Pencitraan, inilah kata yang sering kita dengar belakangan ini. Hampir semua politisi melakukannya, kebanyakan dengan motif untuk menarik simpati para konstituen dan masyarakat umum. Sebenarnya hal ini sah-sah saja, mengingat terjun dalam bidang politik membutuhkan biaya yang besar sehingga segala cara akan digunakan untuk melanggengkan kekuasaan. Pencitraan sangat berhubungan dengan tujuan politisi tersebut, apa yang menjadi target ambisinya. Jika tujuannya adalah demi kesejahteraan masyarakat maka tidak perlu susah payah memoles diri sedemikian rupa, cukup dengan bekerja keras dan melayani masyarakat maka dia akan dikenang memiliki citra yang baik. Namun jika tujuannya adalah demi kekayaan dan kekuasaan semata, maka pencitraan hanya akan membuka kedok sebenarnya. Satu-persatu aib dan kepura-puraan akan terbuka, ini adalah hukum alam.

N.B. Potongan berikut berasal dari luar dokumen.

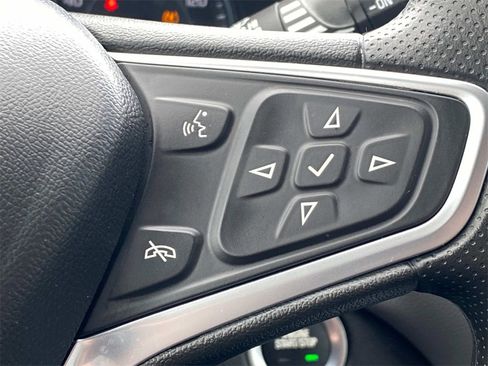 Used 2023 Chevrolet Equinox LT image 23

Sayangnya di negara tercinta kita ini, lebih banyak politisi yang melakukan pencitraan demi kekayaan dan kekuasaan. Saat kampanye blusukan kesana-kemari meminta dukungan, membawa janji manis yang melenakan masyarakat. Dan setelah terpilih, biasanya lupa diri, berubah menjadi orang yang tidak menepati janji, arogan, sombong dan pamer kuasa. Sungguh masyarakat tidak bodoh, mereka diam bukan berarti lemah, tapi karena kesabaran dan mereka pasti akan menghukum politisi seperti ini dengan jalan tidak memilihnya kembali.
Pencitraan dalam politik boleh saja dilakukan, asal dengan niat tulus untuk mengabdi kepada masyarakat. Tapi lebih baik menjadi diri sendiri, karena waktu akan menjawab siapa diri kita sebenarnya, sebab manusia tidak akan pernah sanggup bersandiwara seumur hidup.